## PROBLEM STATEMENT
With the pictures omitted, print exactly the lines below, from the one containing "Синий Фольксваген Пассат, объемом" through the one containing "Mayor Tracey Collis.", and nothing else.

Short descriptive text snippets:
=-=-=
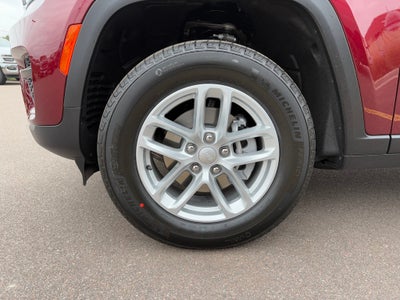 2025 Jeep Grand Cherokee GRAND CHEROKEE LAREDO X 4X4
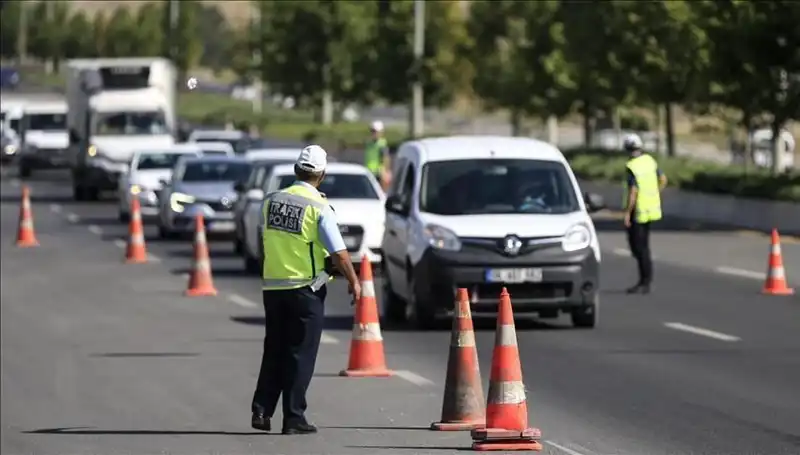 Tünel Kapatan Konvoy, Trafiği Felç Etti: Neyin Peşindeydiler?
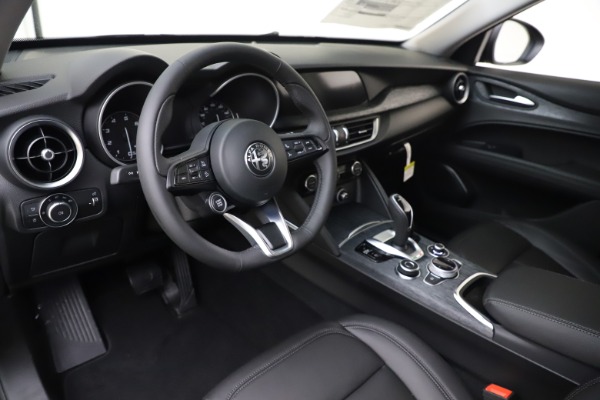 Used 2020 Alfa Romeo Stelvio Q4 for sale Sold at Alfa Romeo of Westport in Westport CT 06880 13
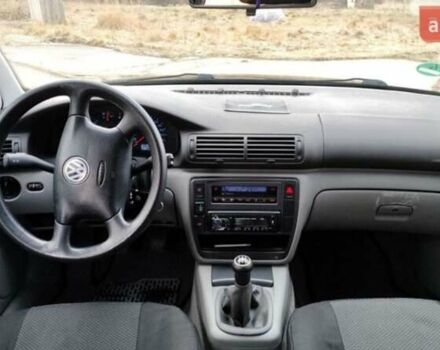 Синий Фольксваген Пассат, объемом двигателя 1.6 л и пробегом 261 тыс. км за 4150 $, фото 9 на Automoto.ua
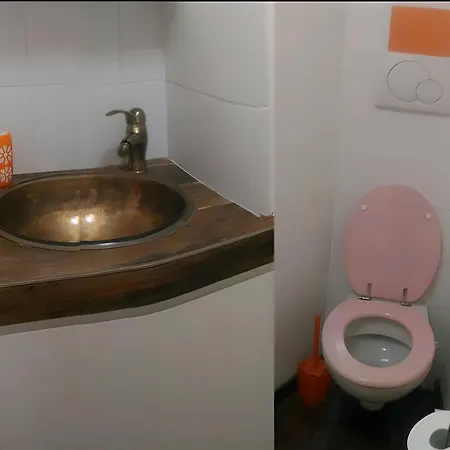 Apartment La Casa Nel Cortile-free Parking Milan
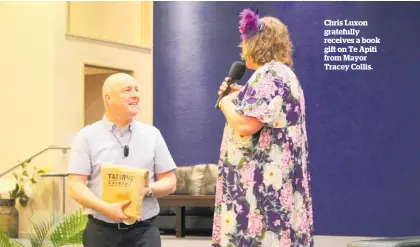  ?? ?? Chris Luxon gratefully receives a book gift on Te Apiti from Mayor Tracey Collis.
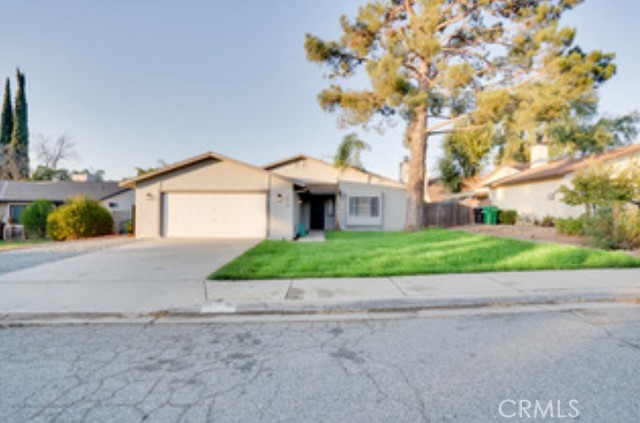 Detail Gallery Image 1 of 22 For 310 W 10th Pl, Beaumont,  CA 92223 - 3 Beds | 2 Baths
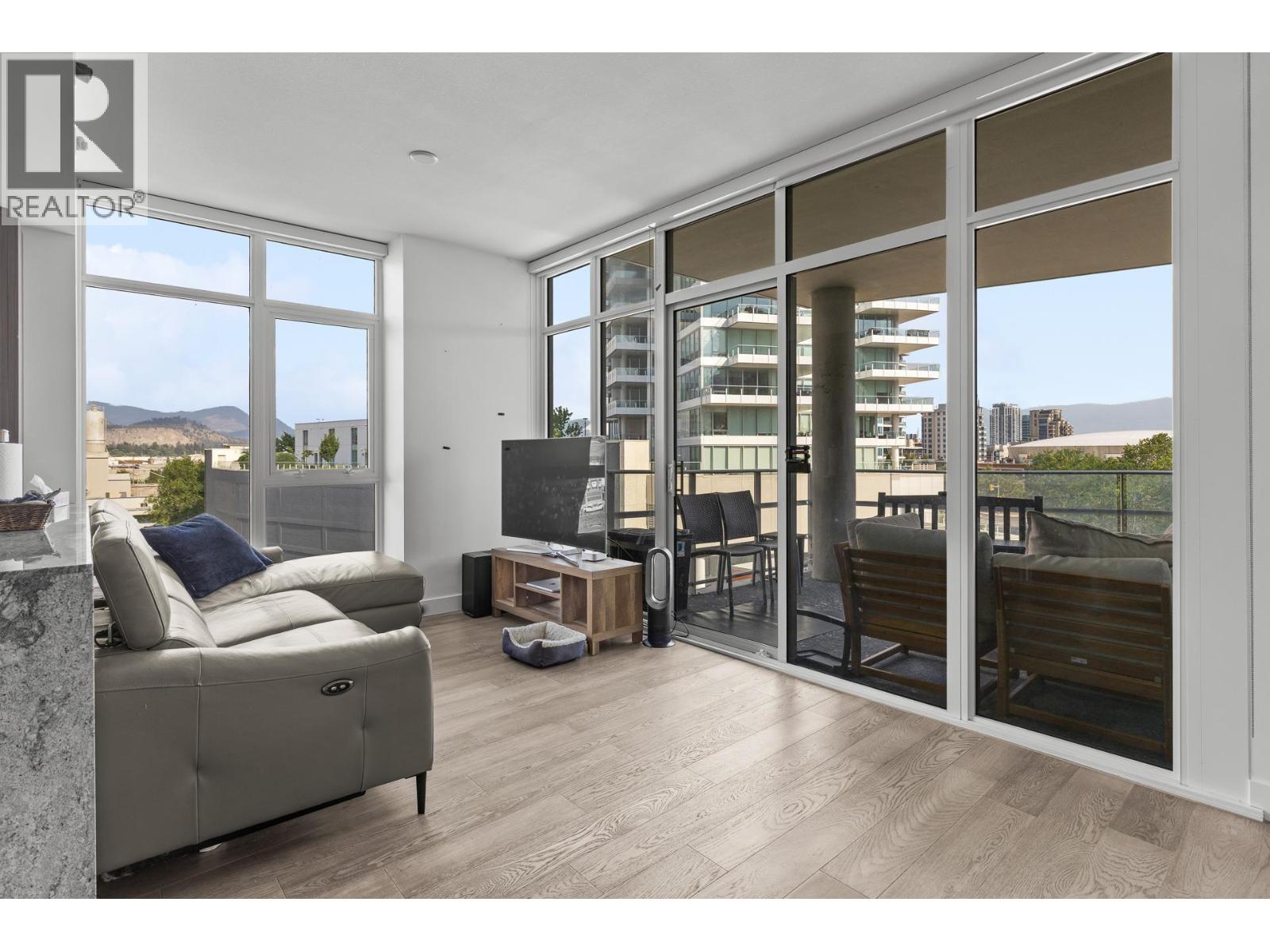 #405 1151 Sunset Drive - 27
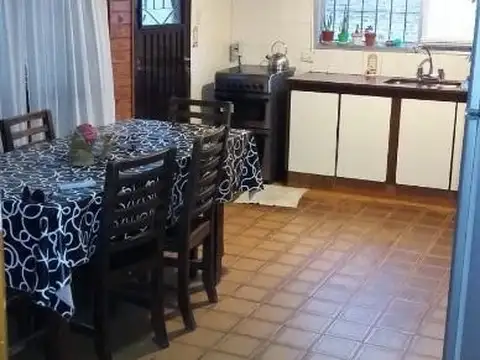 Casa en Venta en Quilmes Oeste, USD 95.000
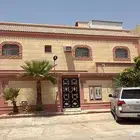 فيلا دور و 3 شقق للبيع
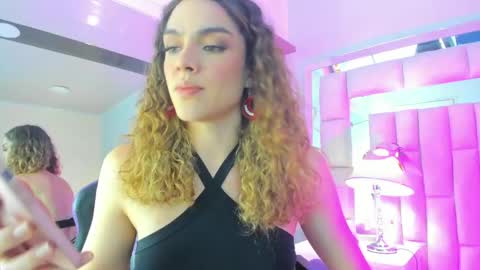 mariiahneedles online show from April 30, 9:52 pm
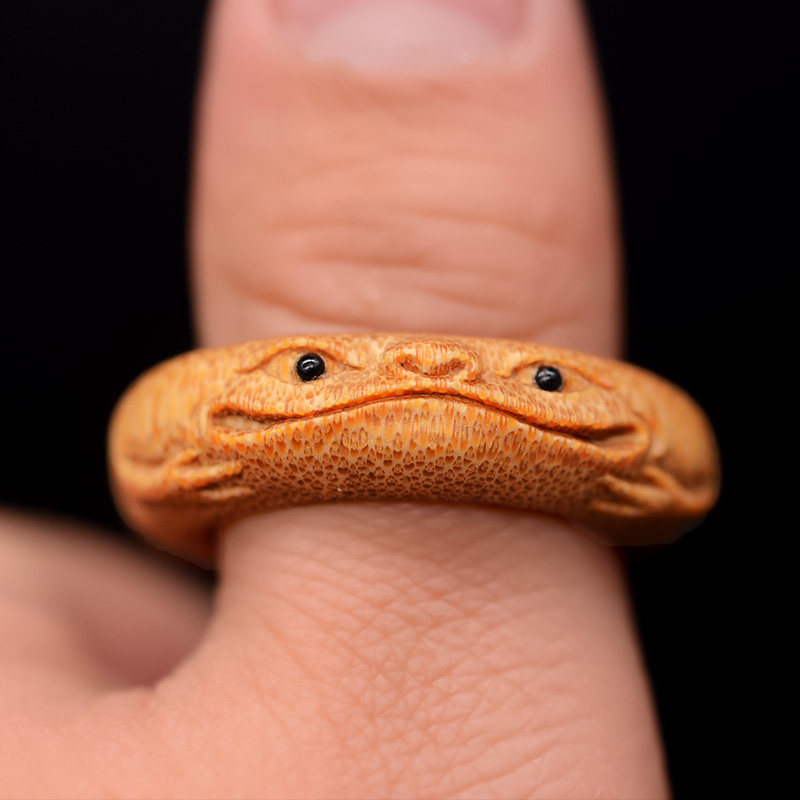 精选龙血金丝竹.纯手工刻绘一体巧D雕金蟾指环圈竹雕呱呱来财跑环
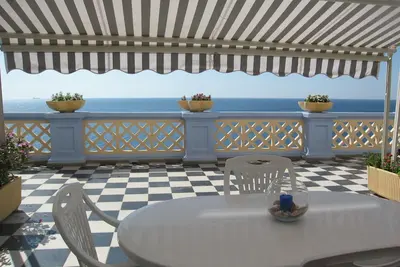 Appartement dans un immeuble seigneurial de 1920 avec accès privé à la mer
=-=-=
## RESULT BELOW
 Синий Фольксваген Пассат, объемом двигателя 1.6 л и пробегом 261 тыс. км за 4150 $, фото 9 на Automoto.ua
 Apartment La Casa Nel Cortile-free Parking Milan
  ?? ?? Chris Luxon gratefully receives a book gift on Te Apiti from Mayor Tracey Collis.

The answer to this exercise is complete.